So with my PSU fixed I thought I would try my luck in the ARRL 10-meter contest. I have never participated in a contest before, but with 10 meters so hot nowadays I’d thought I’d give it a try. Murphy reared its head, so with the wife and kids all sick there was lots of housework to do and too little time behind the set. But I did sneak in an hour or four over two days. My goal: to practise my CW skills. My thought was that doing many short exchanges would give me enough practice to get a little more fluent with the key. So I started out on Saturday morning answering CQs, but nobody came back to me. Fiddled with my side tone, checked my signal with another receiver, no problems found. After four tries I gave up and went up to the SSB portion. Great fun: one Brazilian after another and my first Argentinian on 10 meters. Great to have the comfort of 100 Watts – makes life a lot easier.

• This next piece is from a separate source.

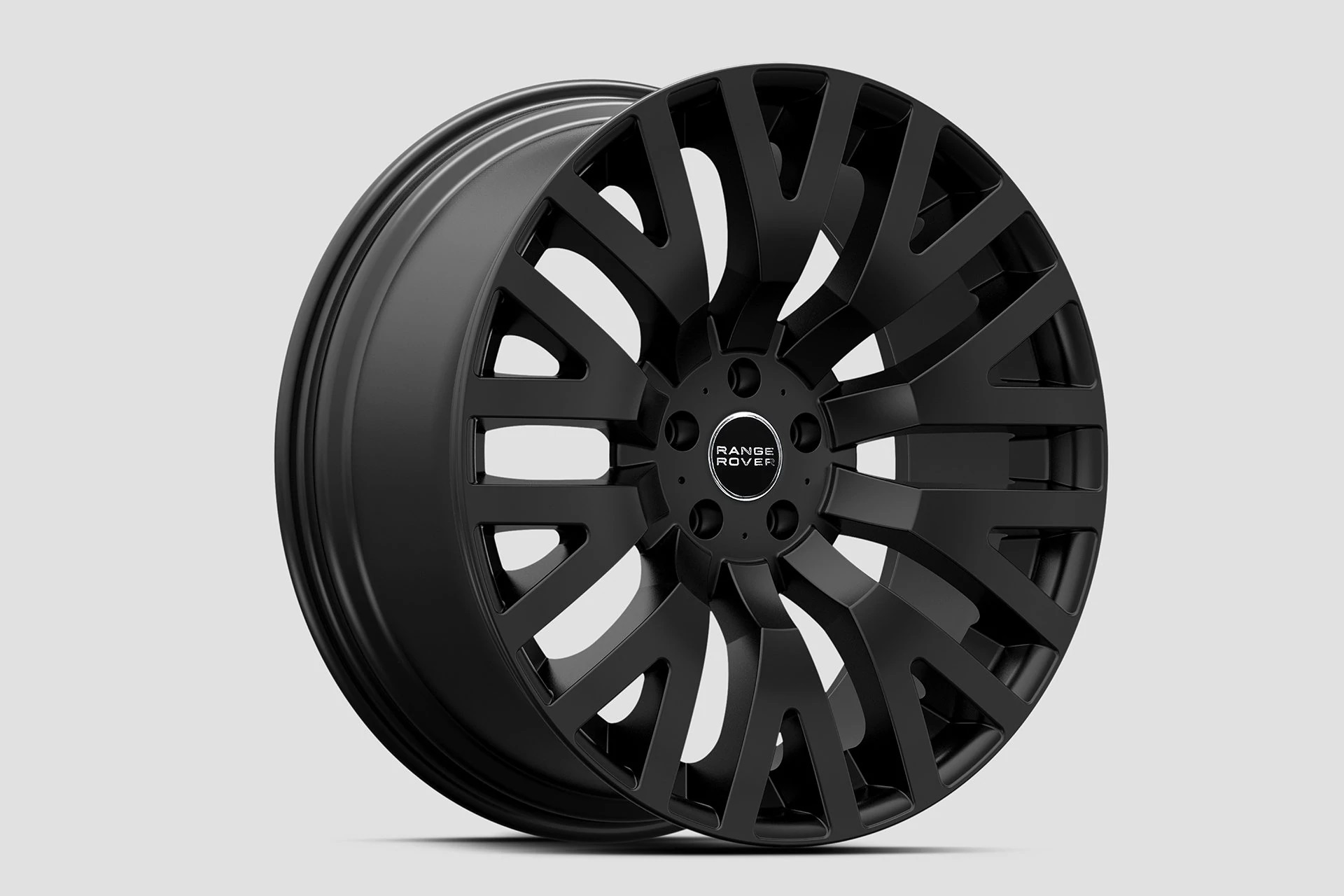 KAHN RS Light Alloy Wheels for Land Rover Discovery (2004-2016) - Image 4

Sunday morning the sunspots were lower, but I did manage a couple of State side stations. But it irked me that I hadn’t logged one CW QSO, so I tried again in the afternoon. Found a strong enough signal from Japan and after the second try it worked. Europe was okay and I did log one Dutch station: PI4TUE, the station of the University of Eindhoven, very close to my place of birth.

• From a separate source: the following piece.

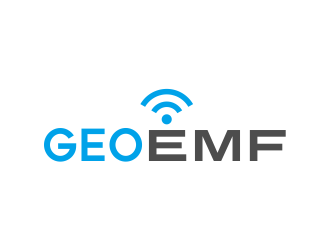 Geo EMF logo design by AisRafa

I had to stop there, but when I came back I switched to SSB again. Worked some Europeans and then, all of a sudden, CX2DDP. via long path. These kind of QSOs are fun though short and I guess Hector Rubens was as surprised as I was. After 75 QSOs I called it a day, which that was right when the band was closing. I’m not in for the numbers, so I am already happy with so many QSOs. I worked 32 different entities in SSB and six in CW, so a grant total of 38 multiplier points. Indeed, no contest for die-hard contesting hams and I doubt that I will often enter other contests.

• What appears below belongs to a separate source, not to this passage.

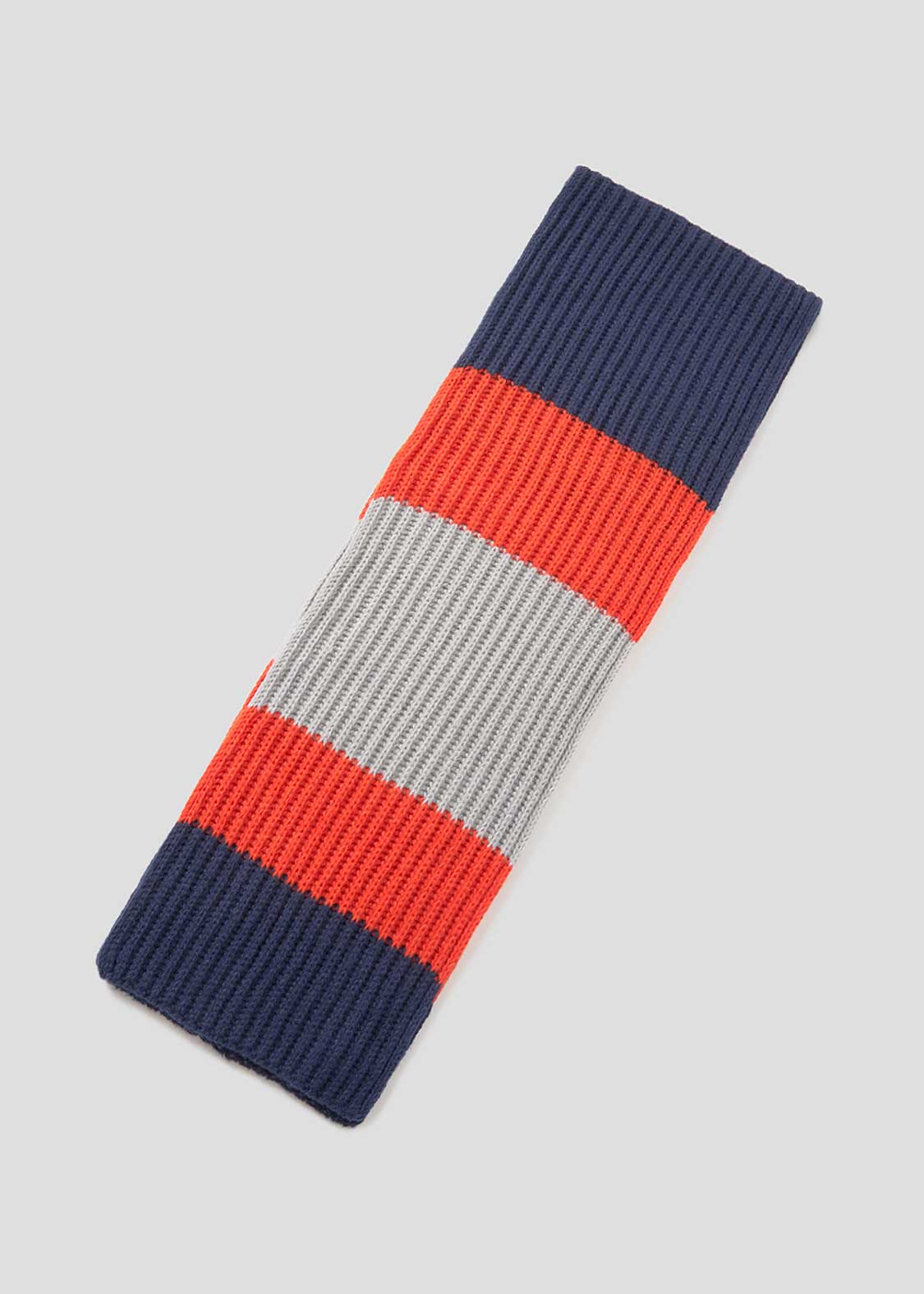 Ikaku B | Knit Line Scarf - Image 3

But the best thing about this contest was that I got my private language student to do a QSO. He is a 16 year old, very shy boy, whom I teach English on Saturday afternoons. He just graduated from high school and he now goes to polytech, which give us a common interest: electronics. Every week I show him some radio related stuff, so this week it was how a QSO is being done. After showing him the ropes and teaching him the NATO alphabet I let him answer CQs with my call sign. He soon found out that you have to open your mouth and speak slowly, clearly and – when using SSB – loudly. Unfortunately these are traits that most Asians don’t possess. But he found it very “cool” that you could call all the way to Europe so he made an effort and in the end he managed a QSO on his own with JA7BEW. He will soon know more about electronics than I, so the exam for a radio licence will be a piece of cake then. Another ham in the making. Who says contests have no use?